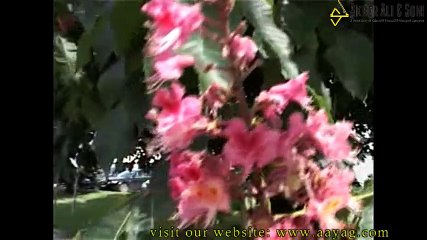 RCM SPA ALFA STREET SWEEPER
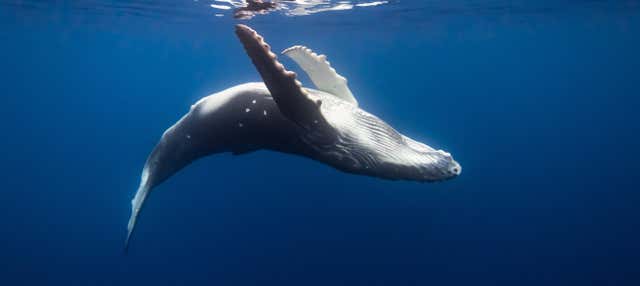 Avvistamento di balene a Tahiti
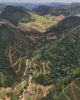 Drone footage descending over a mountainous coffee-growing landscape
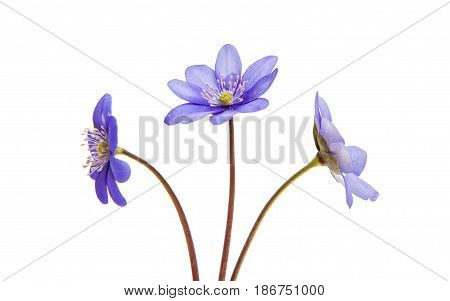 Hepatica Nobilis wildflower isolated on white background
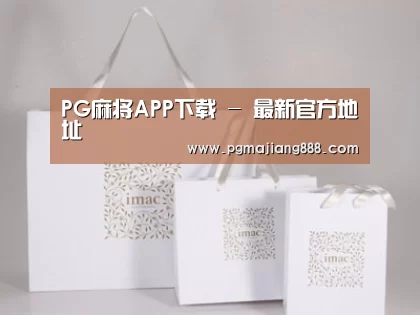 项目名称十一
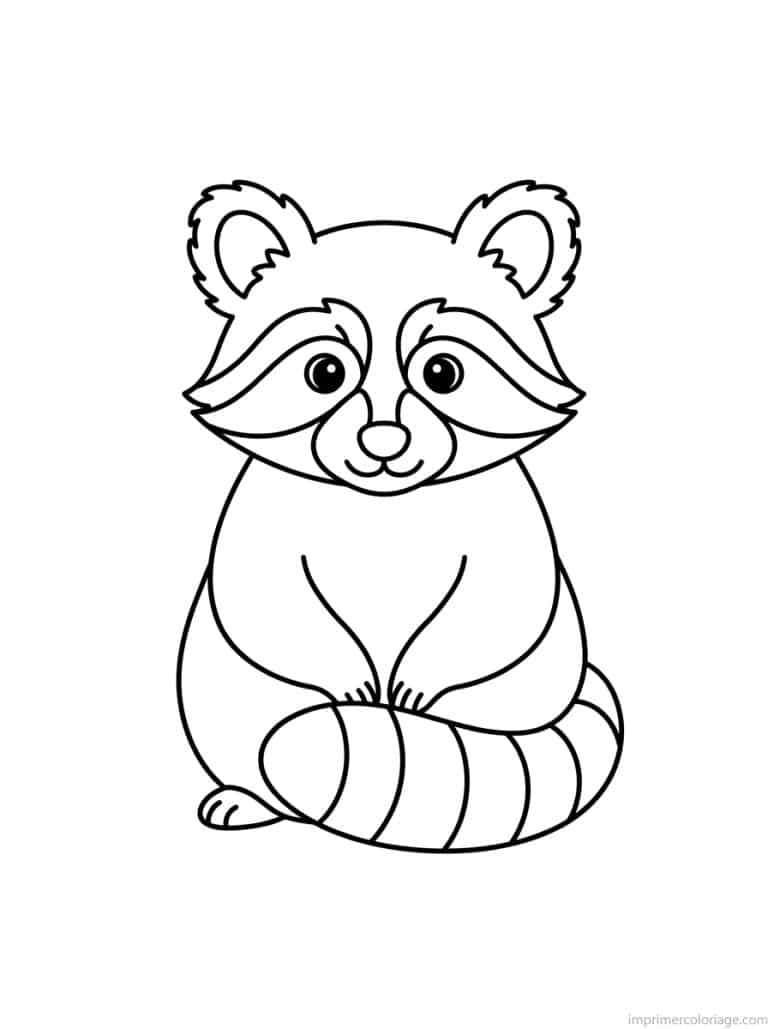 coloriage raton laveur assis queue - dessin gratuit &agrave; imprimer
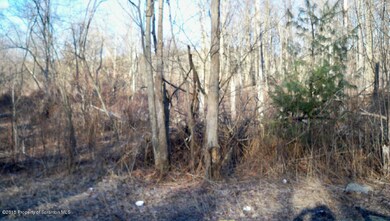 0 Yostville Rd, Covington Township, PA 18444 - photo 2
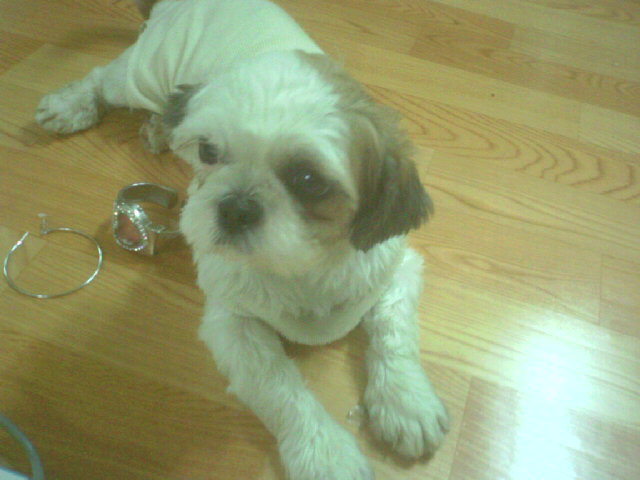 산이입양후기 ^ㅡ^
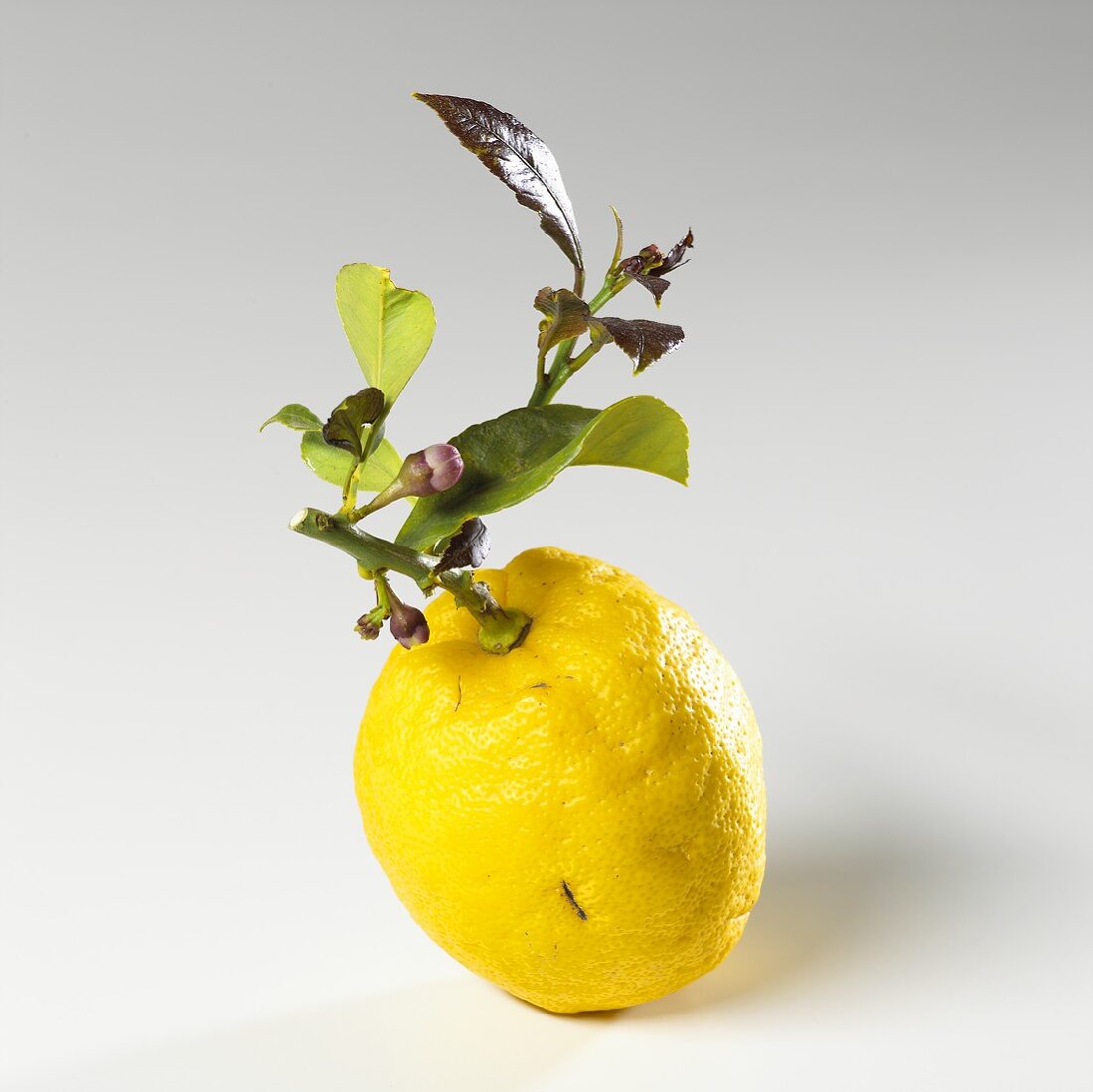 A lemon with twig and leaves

* _Exercise brief_
When you reproduce the entries above, keep every word exact and leave the images out.

* _Solution to the problem_
 RCM SPA ALFA STREET SWEEPER
 Avvistamento di balene a Tahiti
 Drone footage descending over a mountainous coffee-growing landscape
 Hepatica Nobilis wildflower isolated on white background
 项目名称十一
 coloriage raton laveur assis queue - dessin gratuit &agrave; imprimer
 0 Yostville Rd, Covington Township, PA 18444 - photo 2
 산이입양후기 ^ㅡ^
 A lemon with twig and leaves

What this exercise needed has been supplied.